The Medicean Villa of Castello


Medicean Villa of Castello, Accademia della Crusca's location (picture by George Tatge, Regione Toscana)

The Medicean Villa of Castello has a very plain two-storey facade: the building clearly displays renaissance shapes in its ground floor windows, in the small stony portal (that led to the ancient secret garden), and in the simple first floor windows with their stony thresholds and cornerstones. Beneath the roof there are some rectangular apertures also made of stone. The only decorative element is the portal surmounted by a balcony, which shows the many restorations made over the centuries, and the windows, some painted, some real, that open at the height of the mezzanine. Another succession of apertures, also outlined in stone, provides light to the basement.

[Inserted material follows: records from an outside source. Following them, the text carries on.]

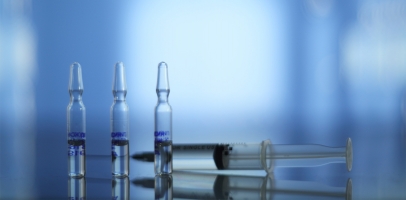 Several ampoules in front of a blue background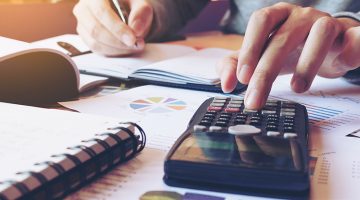 Hand man doing finances and calculate on desk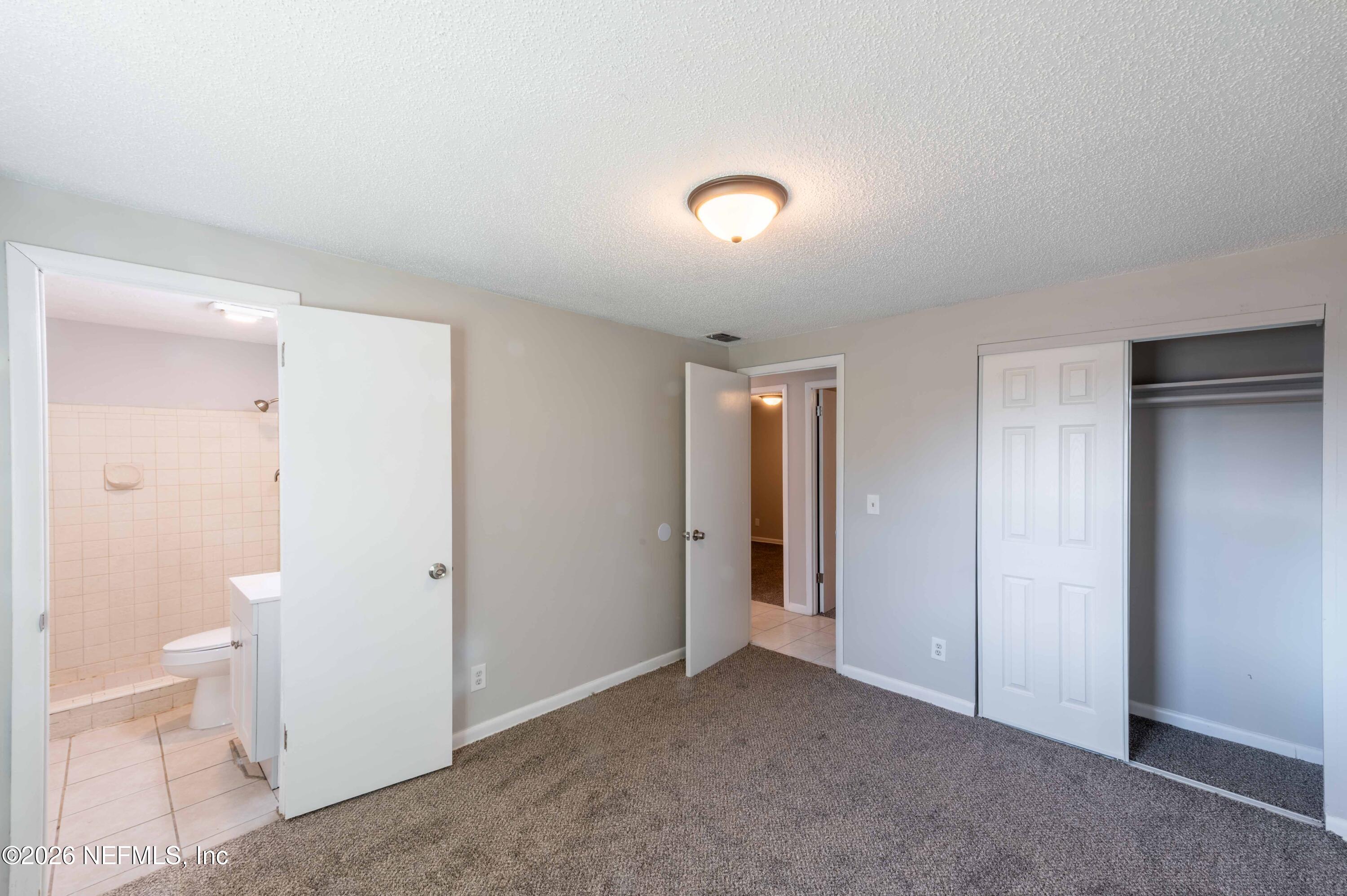 11605 Bayou Road Jacksonville, FL 32246 - Photo 4 of 39 a view of room with white walls and toilet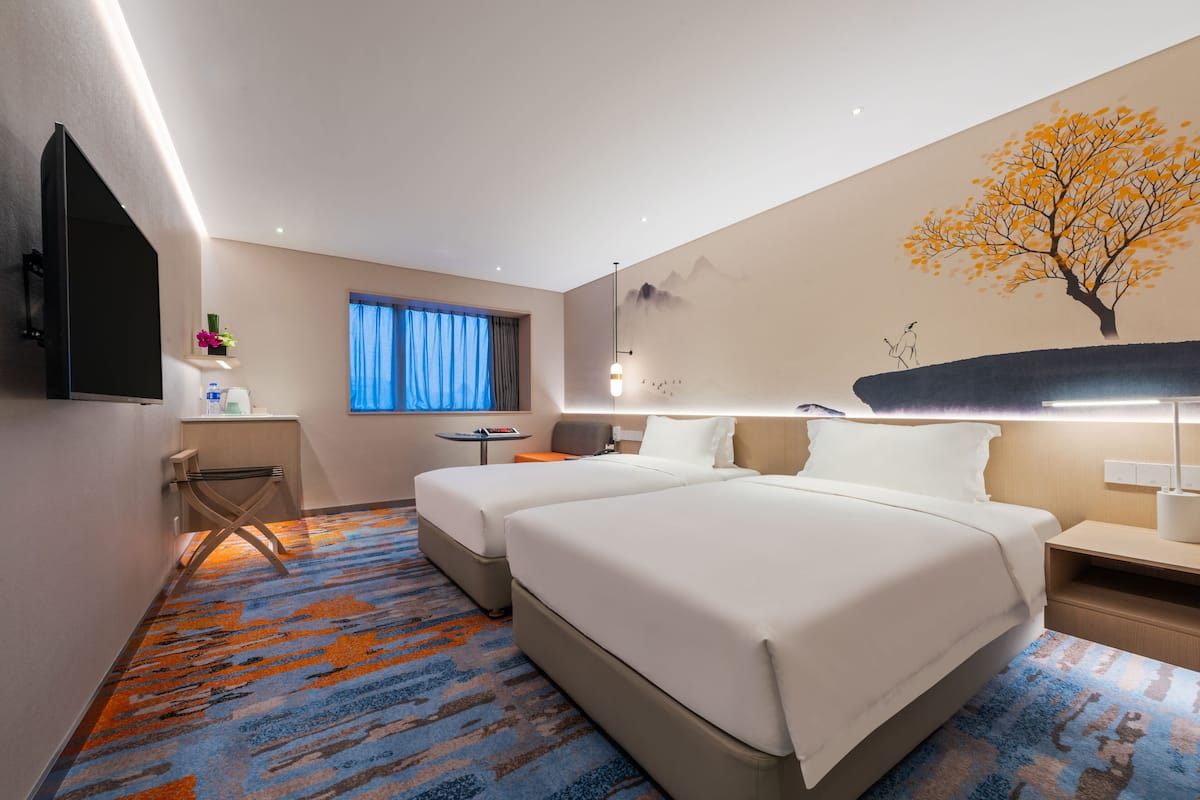 Une chambre d’hôtel avec deux lits, une télévision, un bureau, une chaise, une table de chevet et une fresque murale.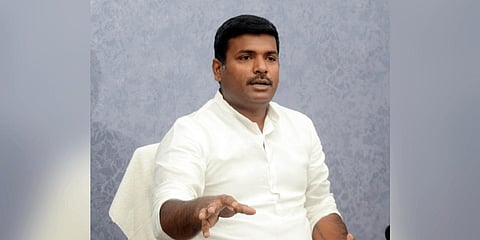 IT Minister Gudivada Amarnath speaking to media person in Visakhapatnam on Wednesday. (Express | G Satyanarayana)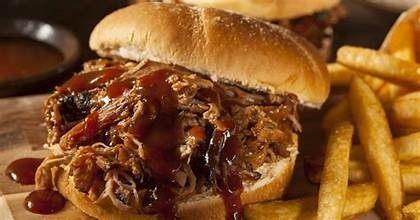 PULLED PORK SAMMY ~ Our Delicious Slow Smoked Pulled Pork Served with Fries, Coleslaw & Garlic Toast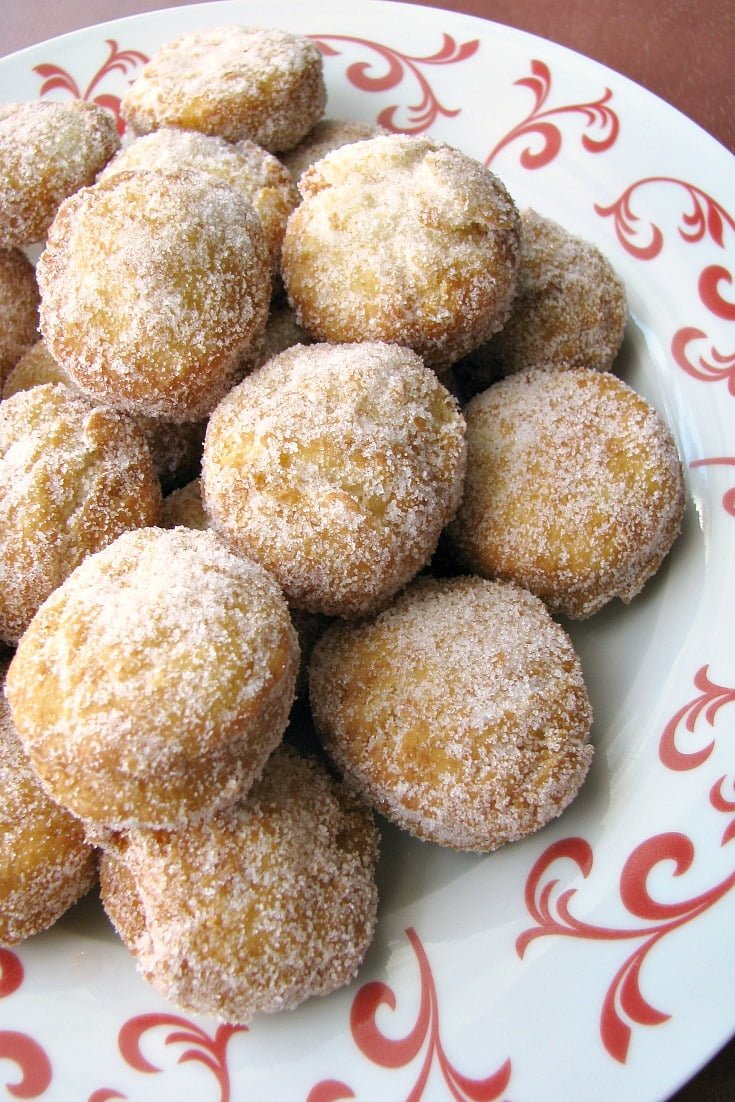 Close up photo of Chinese Sugar Donuts on a white and red plate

The Villa is built around a 16th Century courtyard, bordered on the shorter sides by two loggias with tuscanic pillars. Only one example remains of the Villa’s original decorative façade: an Annunciazione  (i.e. Annunciation) frescoed on the lunette decorating the head of the stairs, where they lead into the courtyard. The fresco (taken down and restored in the Seventies) makes use of some compositional elements that originate from the Ghirlandaio school, widely popular at the time, and is attributable to Raffaellino del Garbo.
 
One of the two loggias leads to a huge room decorated with nineteenth-century frescoes of landscapes and views (used nowadays for conferences and public sessions of the Accademia della Crusca), to a small chapel and to another room, called The Room of Closets, with a fresco called Le Stagioni (The seasons).
 
Like most of the villas in the Florentine countryside, the Villa of Castello is the result of a stratification of building interventions worked outwards from its ancient core, a defensive tower of the 12th Century. In the 14th Century the Villa was called Il Vivaio (i.e. The Pond) due to the huge fish-pools located in the large square in front of the Villa.
 
Later on the Villa became the favourite residence of the Medici family: in 1477, following the advice of Lorenzo il Magnifico, the Villa was bought by his cousins, Lorenzo and Giovanni di Pierfrancesco, from its former owners, the Stufa family, and then it was extended and converted many times until it took on the appearance of a real high-class residence. At the death of Giovanni di Pierfrancesco the Villa was inherited by his widow and his son Giovanni delle Bande Nere, who lived there with his wife Maria Salviati and his son Cosimo. The Villa was sacked and set on fire during the siege of Florence in 1529-1530, though it did suffer less damage than other villas in the countryside surrounding the city.
 
In 1538 Cosimo I assigned the works on the palace and the garden to Niccolò Pericoli, called Il Tribolo. Il Tribolo concentrated especially on the restoration of the garden, whilst from 1554 the management of the works was given to Vasari. In this period, precious works of arts where collected in the Villa: among them, allegorical paintings, commissioned from Pontormo (which appeared to have already been lost in the 18th century). Certainly, at least around 1540, Botticelli's two famous paintings, La nascita di Venere ("The Birth of Venus") and La Primavera ("The Spring"), nowadays kept at the Galleria degli Uffizi in Florence, were present at the Villa; it is supposed that these two extremely famous artworks (dated between 1480 and 1486) were originally designed for this Villa. The further extensions wanted by Ferdinando I de' Medici, between 1558 and 1592, were planned by Buontalenti, maybe on the earlier instructions of Il Tribolo.
 
A younger son of Ferdinando, don Lorenzo, had more embellishments made on the interior of the Villa, like the fresco by Il Volterrano portraying La Vigilanza e il sonno ("Vigilance and sleep"). Later the Villa became property of the Lorena family. They considerably modified the garden and decorated several rooms of the Villa with pictorial elements. It passed then to the Savoia family, who donated it to the State in 1919. Designated to house the Accademia della Crusca in 1966, the Villa underwent a massive restoration under the direction of the Government Office of Environmental and Architectural Goods, and was then handed over to the Accademia in 1972.